Prince Harry has arrived at London’s High Court, where he will become the first senior royal to take the witness box in 130 years.
The Duke of Sussex joins three other claimants in accusing the publisher of British tabloid The Daily Mirror of using unlawful methods, such as phone hacking, to secure stories. Mirror Group Newspapers has previously admitted to phone hacking but denies that the technique was used in the instances outlined in the claim. The case is one of five ongoing cases the royal has launched against U.K. media outlets.
Harry appeared relaxed as he arrived at court on Tuesday morning, flashing a smirk at the crowd before patting a member of his team on the back and striding into the building.
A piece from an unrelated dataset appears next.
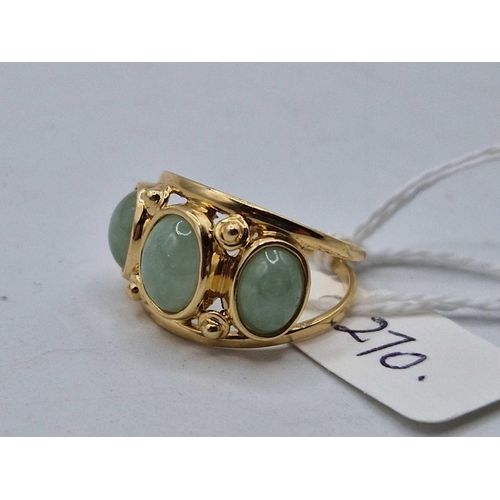 270 - A three stone jade ring, 14ct, size P, 4.4 g.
A swarm of photographers surrounded the entrance alongside curious onlookers, including an artist wielding an off-kilter painting of Harry and wife Meghan Markle on a donkey.
Harry made his appearance after failing to attend court on Monday, when he was originally expected to give evidence. Judge Fancourt expressed his “surprise” that Harry wasn’t present, though sources indicate that the duke wasn’t instructed by his legal team to attend. The royal’s representatives said Harry stayed behind in California to celebrate his daughter Lilibet’s birthday.
Over the course of Tuesday and possibly even Wednesday, Harry will give evidence as to how unlawful techniques were used to report stories on him between 1996 and 2009. The case will examine 33 sample articles from Mirror Group Newspapers-owned outlets over the course of that period. The prince is expected to provide facts or compelling circumstantial evidence to support his claims against each of the 33 articles.
While royals have appeared in court previously — Princess Anne, for example, in 2002 pleaded guilty to failing to prevent one of her dogs from biting a child — Harry’s case marks the first time since 1891 that a senior royal has entered the witness box. In the 19th century, Prince Edward VII, the eldest son of Queen Victoria and Prince Albert, served as a witness in a slander trial involving a card game. In 1870, he also testified as part of a divorce case where he was falsely accused of being the lover of an MP.